I had been trying to contain my KATO memories, but in that moment, every single one flashed before my eyes. The burn on my neck, the fingernails they yanked, the teeth pulled. The bruises on Centipede’s neck would be a kindness compared to the treatment I would receive. I was certain I would beg to be taken to the execution room just to escape it. I had one fleeting desperate wish that it was Travis in the other room, not Centipede. But I squashed it. Because that wasn’t real. Venom in front of me with Gerex—that was.
I considered leaning into the needle, letting it break my skin, and accepting the only advantage that would come with going back to KATO. Then I heard the voices in the next room getting louder. It snapped me back into focus. I couldn’t give in this easily—not with Centipede right next door. I brought her into this, and she was my responsibility.
Venom leered over me. Her body seemed to be made up of nothing but angles. Her finger found the top of the syringe and I pushed myself to find my voice.
“Hang on!” My words were rough and panicked but enough to stop her.
She squinted at me, looking very confused. “Why do you want me to wait?”
I raised my chin enough to look her in the eye. As much as I hated it, I only had one card to play here, and I was pretty sure I had an in.
“You don’t like that you have to listen to KATO, do you?” Between Travis’s reaction and what I’d heard, I was convinced Venom didn’t have a problem with KATO’s morals. But moments ago I had seen a discrepancy between her and the agency. She didn’t want to drug me right now. She wanted to kill me. It was KATO who said she couldn’t.
“It is not my choice.” She moved to make the final push, but I spoke faster. The voices in the other room had turned to shouts and I tried not to look at the door behind Venom or think about what Centipede might have gotten into.
“What if it was your choice?” Her eyes slid from her task to focus on me. I kept talking. “I have a way for you to get outside of KATO’s control.”
She lessened the pressure, but only slightly, then scrutinized my face intently. “You are
not lying.” She sounded mildly surprised to realize this.
“No, I’m not,” I said. “I did it. I can help you do it too, but you’d have to help me in return.”
She took the needle off my skin and took a step back. It was then that I realized my hands were shaking. I thought about attacking her, but in that instant, I wasn’t sure I could beat her.
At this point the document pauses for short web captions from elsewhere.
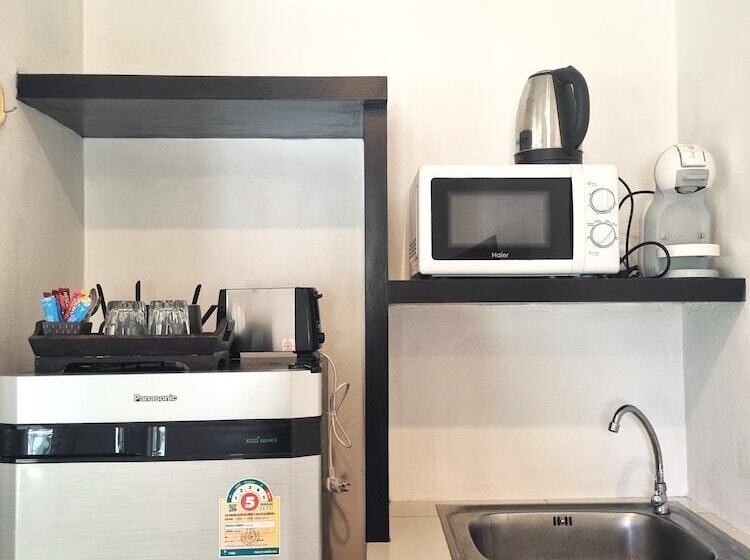 Isara Nai Yang Resort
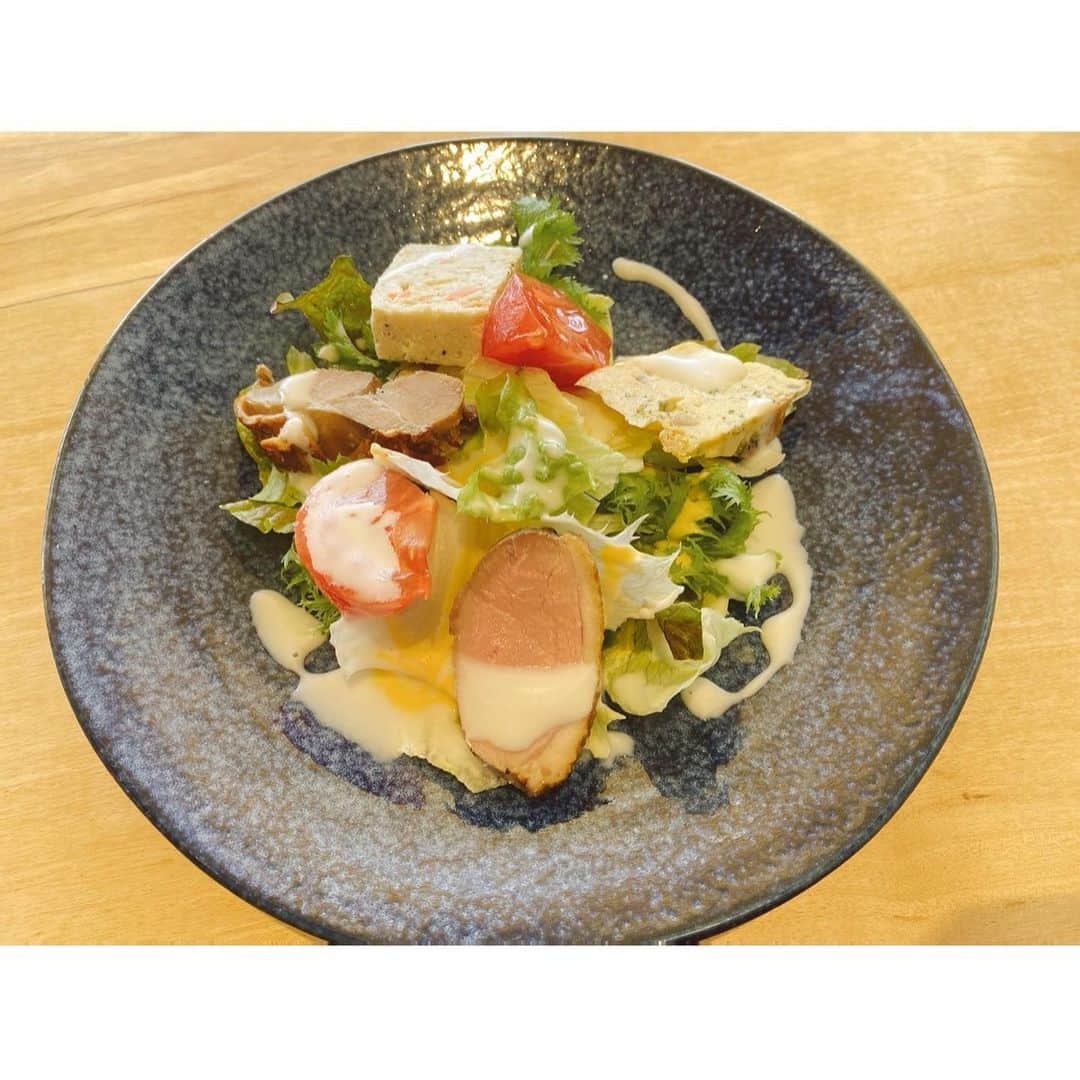 三石佳那さんのインスタグラム写真 - (三石佳那Instagram)「ㅤㅤㅤㅤㅤㅤㅤㅤㅤㅤㅤㅤㅤ ㅤㅤㅤㅤㅤㅤㅤㅤㅤㅤㅤㅤㅤ 後輩ちゃんと イッシモさんでランチ☺︎  前菜もパスタもデザートも 美味しい〜  仕事の合間に 20代後半女子二人で 話に花が咲きました💐  #新潟 #niigata #古町 #新潟グルメ #新潟ランチ #ランチ #イタリアン」5月28日 17時56分 - mitsuishi_kana_bsn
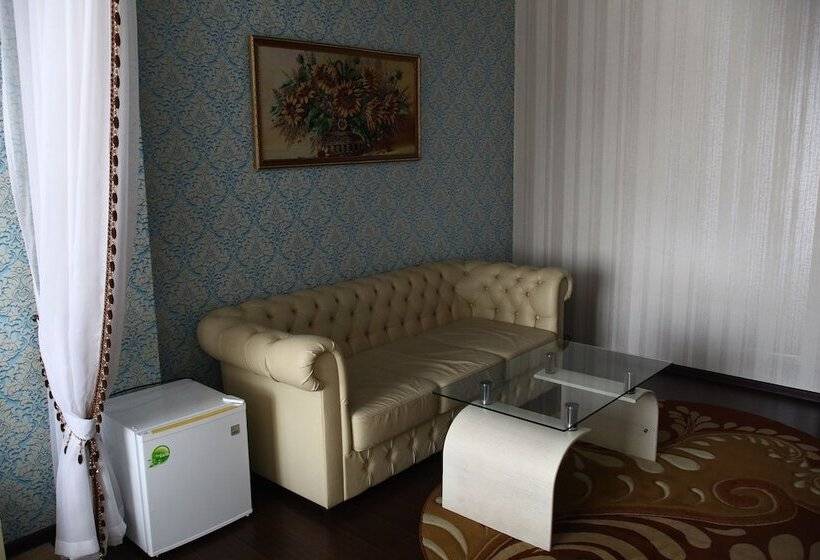 Люкс, Royal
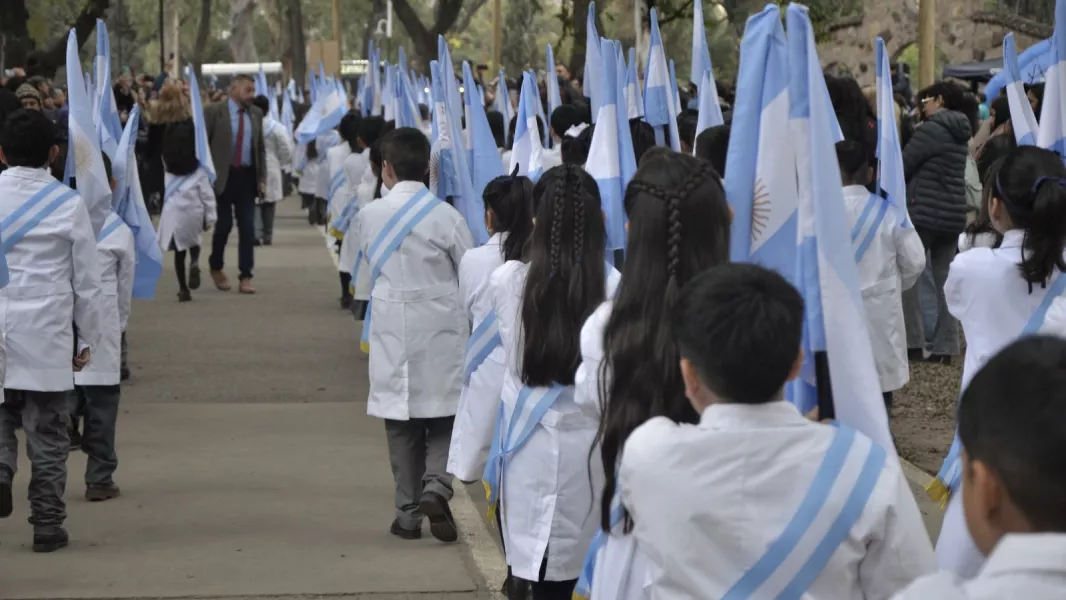 108526-dia-de-la-bandera-estudiantes-saltenios-realizaran-la-promesa-de-fidelidad-en-la-plaza-9-de-j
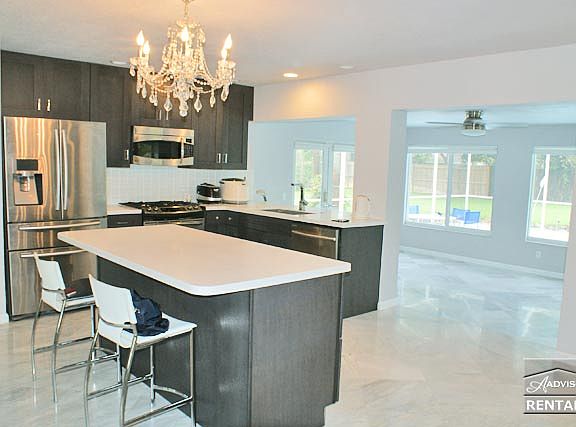 5th image of 653 Coral Dr
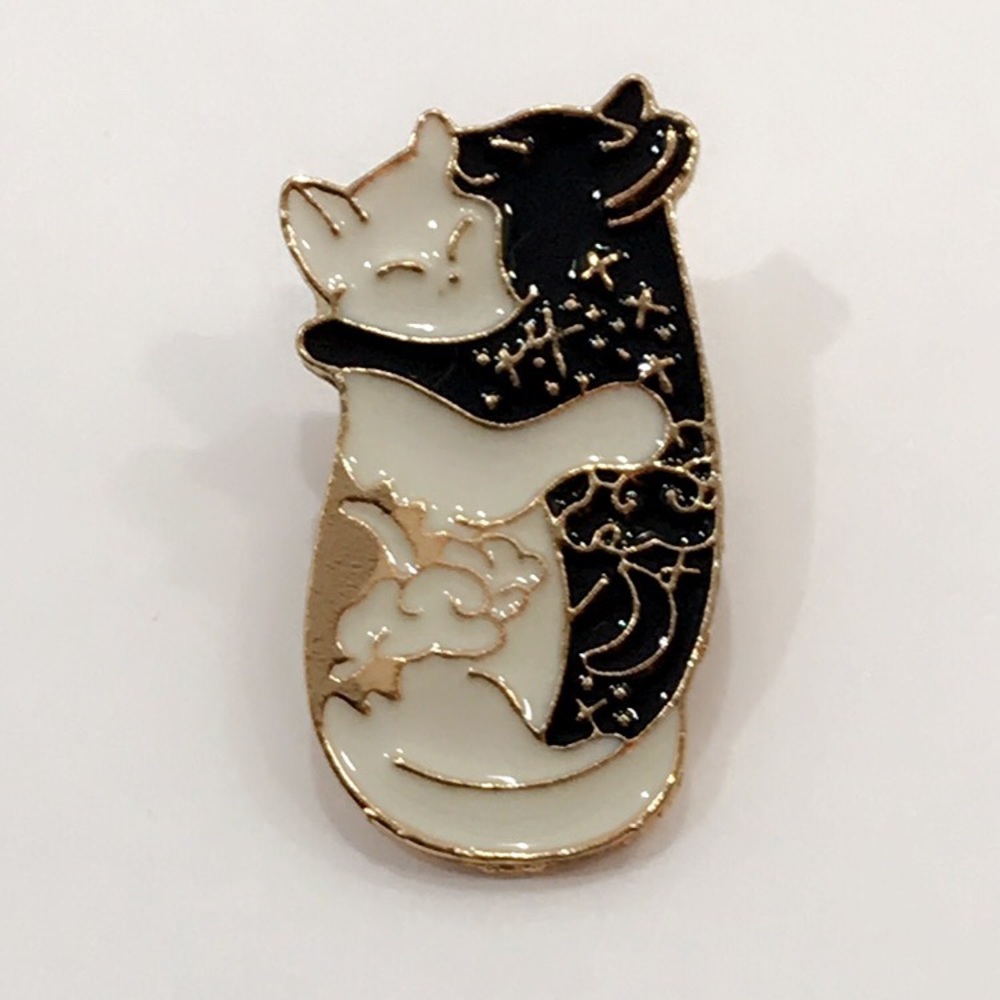 Yin and yang cats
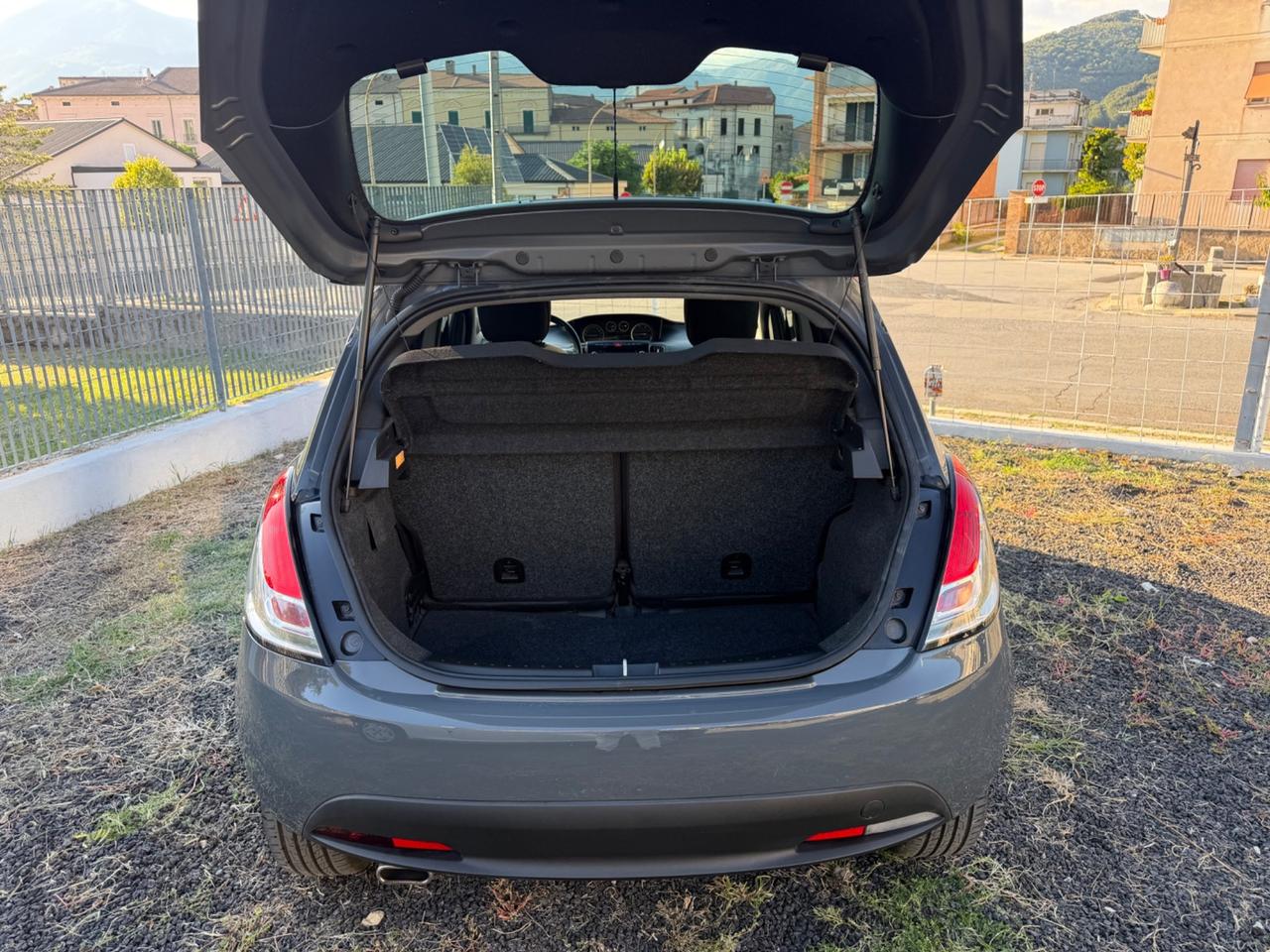 Lancia Ypsilon 1.3 MJT 16V 95 CV 5 porte S&S Elle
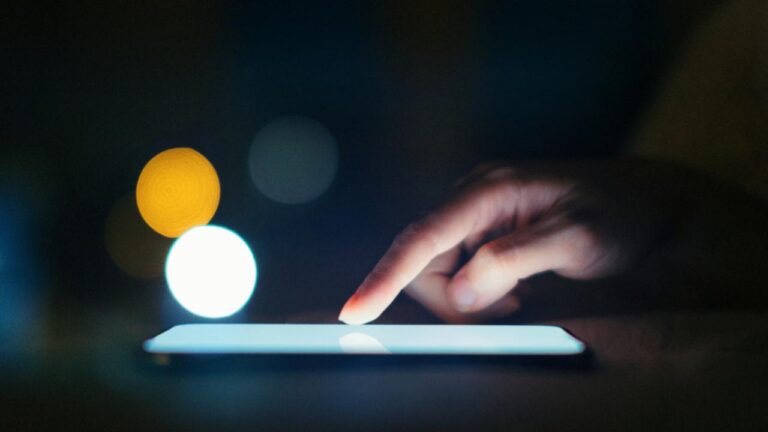 10 milyon öğrenci her yıl dijital bağımlılık için eğitim alıyor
She watched me thoughtfully. “But KATO could catch me doing this, yes?” she asked.
“They could,” I said. “Which is why you’d have to be careful with what you say to them and when you talk to us. We can also get your Turkish agency to help with a cover.”
“And if this works I can be free of them?” The hopeful note in her voice would have been heartbreaking if she weren’t holding my future in between her fingertips.
“Yes.” I glanced at the needle in her hand. “You know how you feel like you can’t live without Gerex?” She nodded. “Well, you can,” I said. “I do.”
Her eyes narrowed on me, her expression crossed between wonder and disbelief. “You do not take the drug?”
“No,” I said. “I haven’t for a few months now. It takes some time, though, and it’s not something you should do on your own.” Outside the room, I heard doors opening and closing. Then the voices were angrier and closer than ever. We were running out of time.
She jerked her head to the side, which I noticed was a habit, and watched me, her face scrunched in contemplation. “Yes, I will do it.” She put the needle away. “I do not like listening to them. I wish to kill whoever I want.” The voices outside stopped.
Then the door opened and Venom whirled around as Centipede came charging through. Both girls reached for their guns, and I jumped in between them.
“Hold on,” I said, my arms outstretched. “We’re on the same team.” I made quick introductions. Venom didn’t seem at all fazed by her new teammate. Centipede, however, was less than thrilled about the latest development.